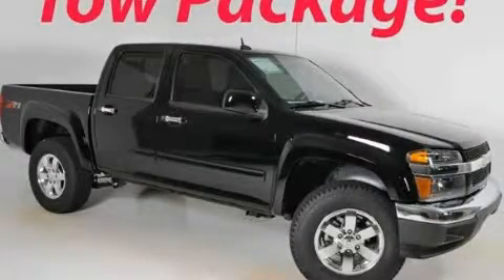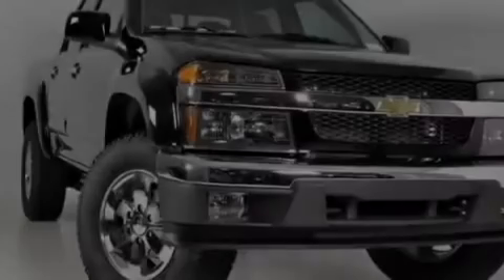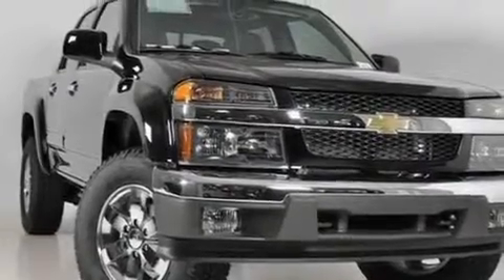This is a brand new 2011 Chevrolet Colorado — strong, durable, and dependable. It has a 3.7 liter 5-cylinder engine and a 4-speed automatic transmission.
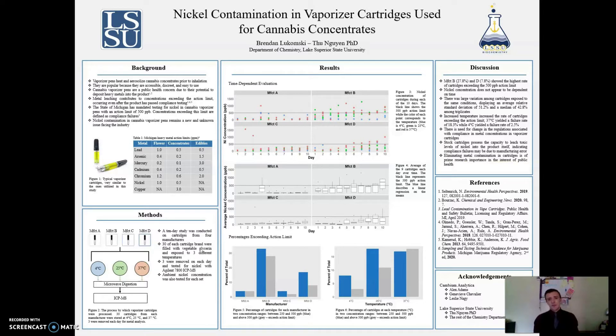As of this past summer, the state of Michigan has mandated testing for nickel inside of these products, so the goal of this research was to see whether or not these cartridges pose a contamination risk due to this metal leaching.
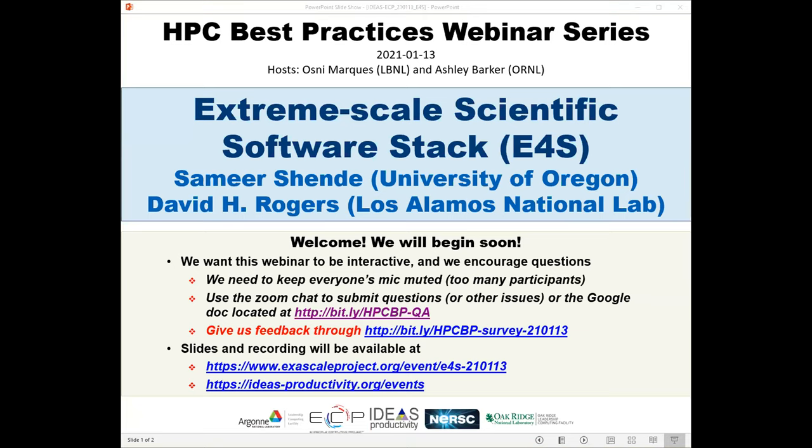Welcome to the HPC Best Practices webinar series, brought to you by the IDEAS Productivity Project, which is part of the Exascale Computing Project of the United States Department of Energy. This series is a collaboration involving the computing facilities Argonne, Oak Ridge, and Lawrence Berkeley National Laboratories. I'm Osney Marcus from Lawrence Berkeley, and Ashley Barker from Oak Ridge will be the host for today's webinar: Extreme Scale Scientific Software Stack, E4S.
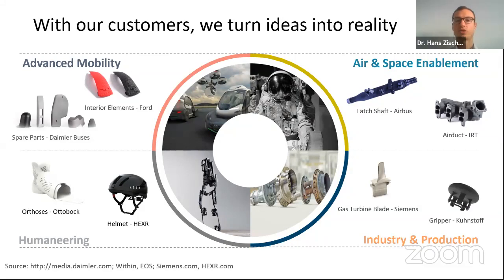Our customers mainly operate in four verticals: space enablement, industry and production, humaneering, and advanced mobility. In all of these industries we have exciting applications on both metal and polymer sides. With vapor fuse technology, there is potential to enhance existing applications and enable new AM applications — for example, in automotive for new look-and-feel features and fluid/gas transportation, in humaneering to achieve next-level skin tolerances, and in industry and production for food and beverage certification of grippers.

------------------------------------------------------------------------

--- Problem requirements ---
Every line of the material above must be written out exactly, with no pictures.

--- Reply ---
This is a brand new 2011 Chevrolet Colorado — strong, durable, and dependable. It has a 3.7 liter 5-cylinder engine and a 4-speed automatic transmission.
As of this past summer, the state of Michigan has mandated testing for nickel inside of these products, so the goal of this research was to see whether or not these cartridges pose a contamination risk due to this metal leaching.
Welcome to the HPC Best Practices webinar series, brought to you by the IDEAS Productivity Project, which is part of the Exascale Computing Project of the United States Department of Energy. This series is a collaboration involving the computing facilities Argonne, Oak Ridge, and Lawrence Berkeley National Laboratories. I'm Osney Marcus from Lawrence Berkeley, and Ashley Barker from Oak Ridge will be the host for today's webinar: Extreme Scale Scientific Software Stack, E4S.
Our customers mainly operate in four verticals: space enablement, industry and production, humaneering, and advanced mobility. In all of these industries we have exciting applications on both metal and polymer sides. With vapor fuse technology, there is potential to enhance existing applications and enable new AM applications — for example, in automotive for new look-and-feel features and fluid/gas transportation, in humaneering to achieve next-level skin tolerances, and in industry and production for food and beverage certification of grippers.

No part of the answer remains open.